Pleading Economic Loss in the Context of Price Rebounds
The Second Circuit vacated the district court’s dismissal and, in doing so, rejected the line of lower court decisions (relied upon by the district court) that held that a securities fraud plaintiff suffers no economic loss where the stock price rebounds above the plaintiff’s purchase price after the final alleged corrective disclosure. In reversing the district court, the Second Circuit found that the lower court’s analysis was inconsistent with the traditional out-of-pocket measure of damages which permits a plaintiff to recover damages for economic loss based upon the difference between the price paid for the stock and the value of the stock when bought. The Second Circuit also held that the district court’s reasoning did not comport with the “bounce back” provision in the Private Securities Litigation Reform Act of 1995 (PSLRA). This statutory provision caps the amount of damages available in a securities fraud action to the difference between the purchase price paid and the mean trading price of the stock during a 90-day period after the corrective disclosure is disseminated to the market. The court further explained it would be improper to offset gains that the plaintiff recovers after the fraud becomes known against losses caused by the revelation of the fraud if the stock recovers value for completely unrelated reasons because such a holding would place the plaintiff in a worse position than it would have been in absent the fraud.
The Second Circuit found that the plaintiff had satisfied the pleading requirements of Dura because it alleged something more than the mere fact that it had purchased NEP shares at an inflated price; specifically, the plaintiff alleged that the price of NEP stock dropped after the alleged fraud became known. Although it was undisputed that the NEP stock price recovered above the plaintiff’s average purchase price, the court stated that it did not know at the pleading stage whether those price rebounds represented the market’s reaction to the alleged corrective disclosure or whether they represented unrelated gains in the company’s stock price. Drawing all favorable inferences in favor of the plaintiff for purposes of evaluating a motion to dismiss, the court assumed that the price rose for reasons unrelated to the initial drop. Consequently, the court held that at this stage of the litigation, the subsequent price recovery did not negate the inference that the plaintiff had suffered an economic loss. Accordingly, the Second Circuit concluded that dismissal as a matter of law on economic loss grounds was inappropriate.

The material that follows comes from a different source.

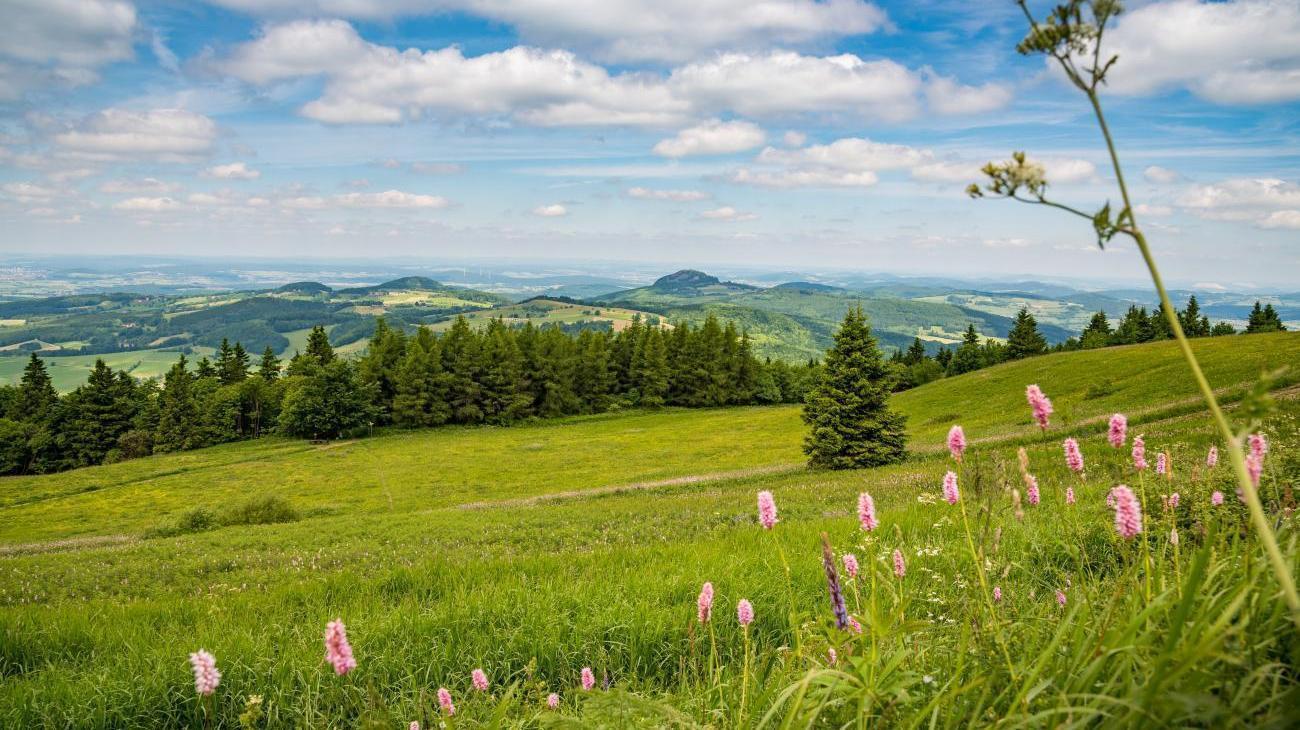 Stadt Gersfeld (Rhön)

The Second Circuit’s decision in China North East Petroleum is important because it holds that a stock price rebound following a corrective disclosure does not necessarily mean that a plaintiff cannot prove economic loss or loss causation. In jurisdictions that follow this decision, it will be more difficult to obtain dismissal on the pleadings due to the absence of economic loss or loss causation as a matter of law. Instead, in such jurisdictions, defendants will need to develop evidence at the class certification and/or summary judgment stage to link the subsequent price recovery to the alleged corrective disclosure.